If this becomes a standard, I really hope they have a self install option. Paying for adding recievers for which nothing more then plugging them in is required is a slap in the face.


----------



## Sirshagg (Dec 30, 2006)

Last one I ordered from DirecTv I told the guy this would be his easiest install ever. Took the HR20 from him signed the paperwork and sent him on his way. For whatever reason DirecTv wouldn't just ship it.


----------



## phat78boy (Sep 12, 2007)

Sirshagg said:


> Last one I ordered from DirecTv I told the guy this would be his easiest install ever. Took the HR20 from him signed the paperwork and sent him on his way. For whatever reason DirecTv wouldn't just ship it.


Lol. Exact same solution I gave my last installer. He even gave me the Zinwell switch I needed too. I was grateful and I hope he enjoyed a longer lunch hour that day.


----------



## Ken S (Feb 13, 2007)

I seem to recall Chase or one of the DirecTV people stating during the last quarterly conference call that they were going to allow self installs in the future because it just didn't make sense to roll trucks for someone to plug a box in.

I know on the last HR20 I got in August 07 they wouldn't ship it to me and had an installer come. I just had him hand it to me so I could do the "install".


----------



## beavis (Jun 9, 2005)

If the new receiver is replacing an existing one, and the dish doesn't need to be changed then the self install option should be available. If it goes into a new room where a line has to be ran then a charge should be expected.


----------



## phat78boy (Sep 12, 2007)

I believe the dish should be able to be self installed too. If they are going to charge someone to do it for me, I am more then capable of doing it myself. For those who might mess up or cannot do it after they ordered it, they just pay the installer at that time. Shipping costs would be the same so I don't see the danger in it.


----------



## Swheat (Aug 10, 2005)

When I was on the DirecTv website the other day, I went partway through the ordering process to see what the current cost of the HR21 was.

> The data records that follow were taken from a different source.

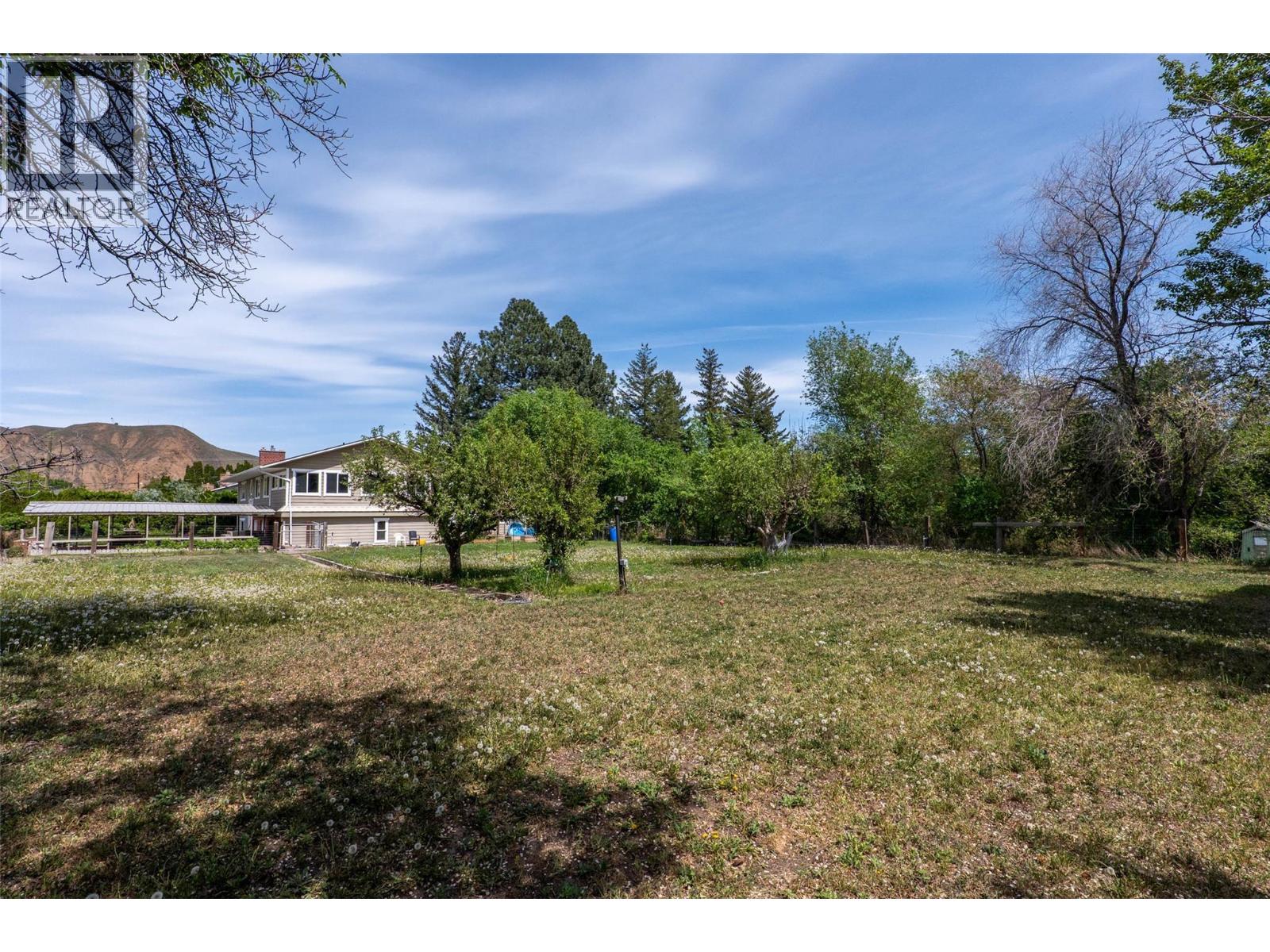  721 Strauss Street, Kamloops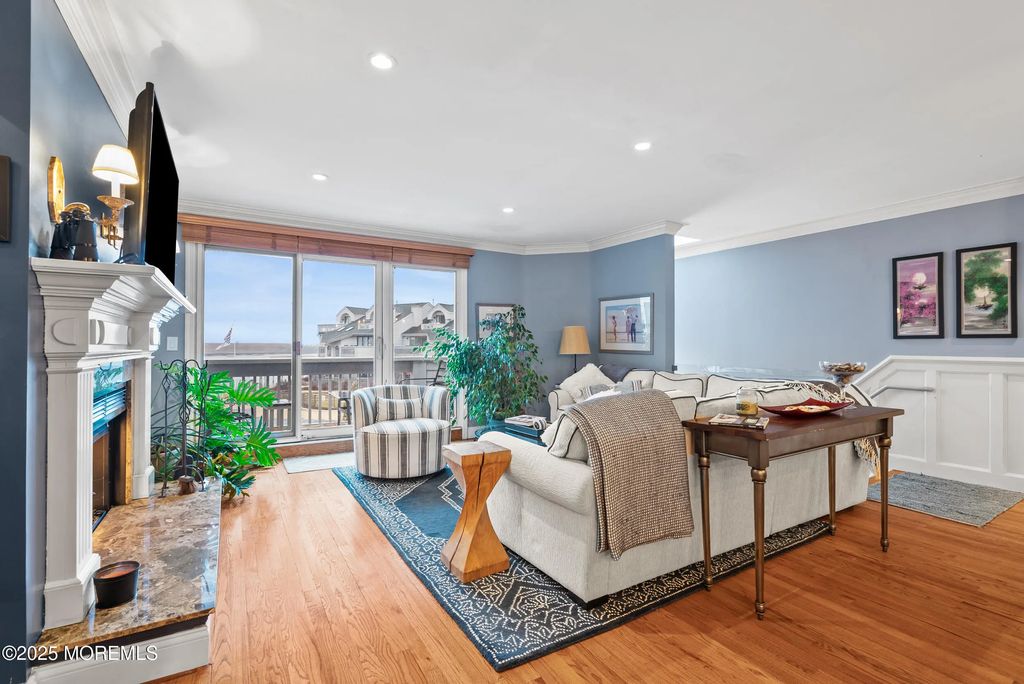 210 Ashley Avenue, Brielle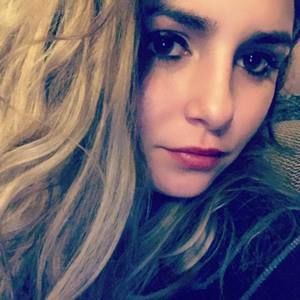 Meet your Posher, Rene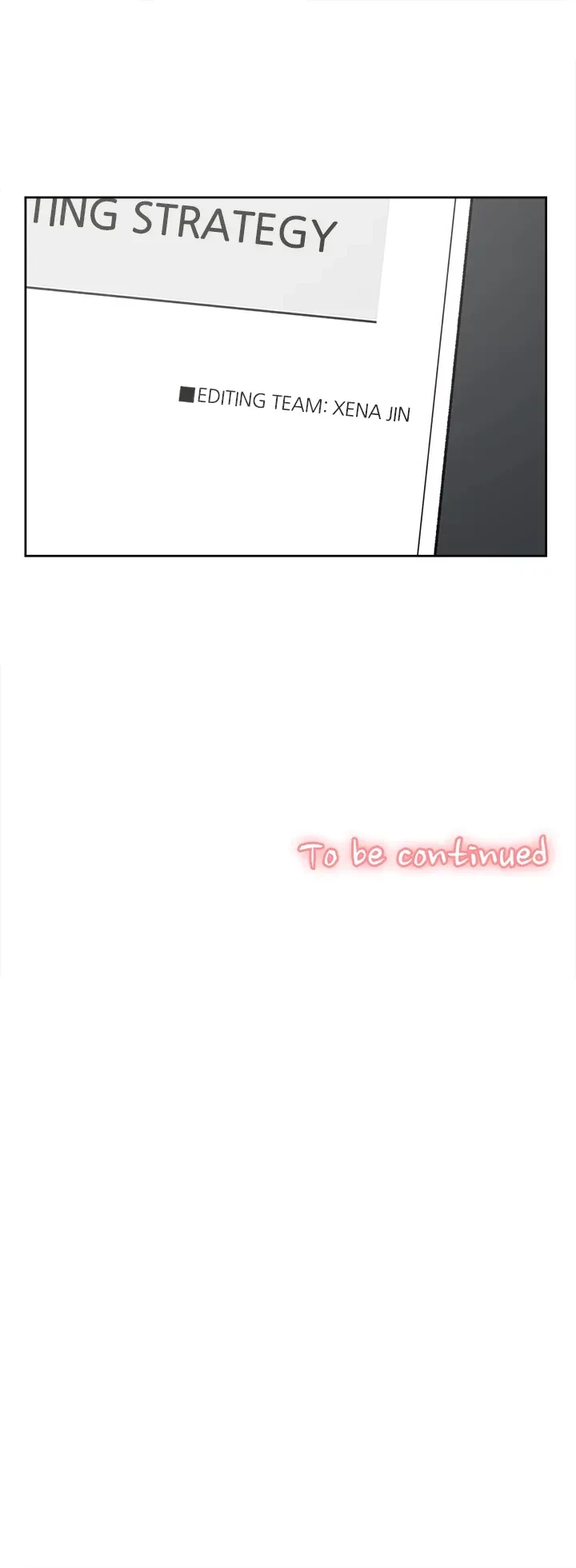 Chapter 81, page 18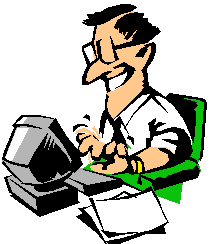 pretest1.gif (3374 bytes)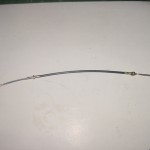 34B3014270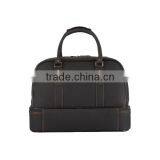 2016 Latest Golf Boston Bag thumbnail-2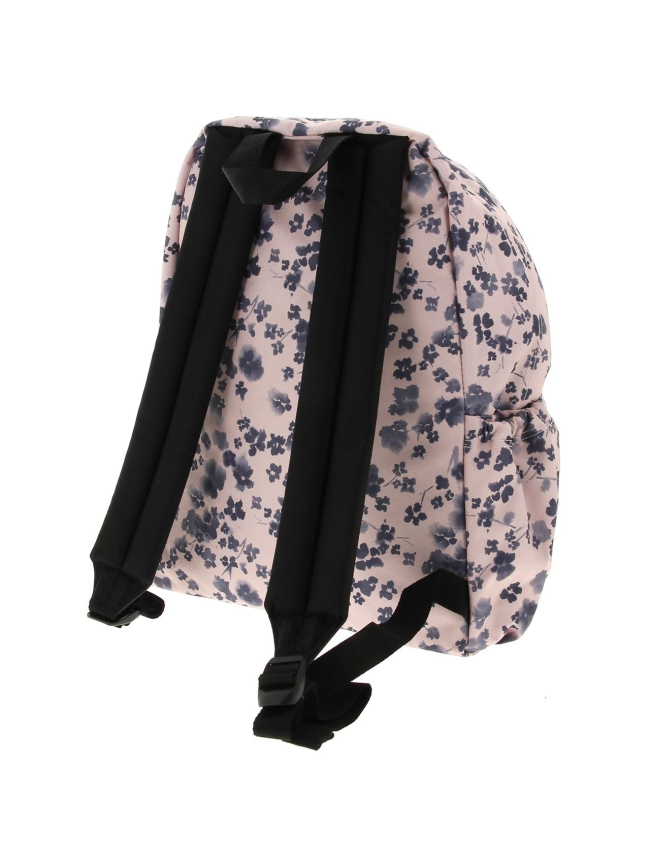 Sac à dos Eastpak padded zippl'r silky rose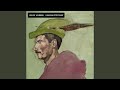 Dog Killers! - Benjy Ferree - Topic Dog Killers!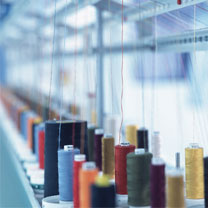 Les entreprises nationales détiennent moins de 10% du marché algérien du textile : Un secteur à retoucher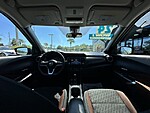 Used 2024 NISSAN KICKS SR in ATLANTIC BEACH, FLORIDA (Photo 27)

When it got to the installation part, there was the option to have the receiver shipped to me or a free professional install.

So I would say that the installs are still free (I am an existing customer) and you you are allowed to do your own install. At least if you already have your 5 LNB dish.


----------



## somekevinguy (Jan 7, 2008)

When I ordered my HD DVR upgrade a couple of weeks ago the install was an option. I would rather do it myself if they would send me the new dish and a bunch of cables and stuff but since I know they won't, I opted for the install.


----------



## kevinturcotte (Dec 19, 2006)

I just ordered an HR20/21 over the phone, and was given the option of having it shipped to me, which surprised me.


----------



## RobertE (Jun 10, 2006)

phat78boy said:


> I believe the dish should be able to be self installed too. If they are going to charge someone to do it for me, I am more then capable of doing it myself. For those who might mess up or cannot do it after they ordered it, they just pay the installer at that time. Shipping costs would be the same so I don't see the danger in it.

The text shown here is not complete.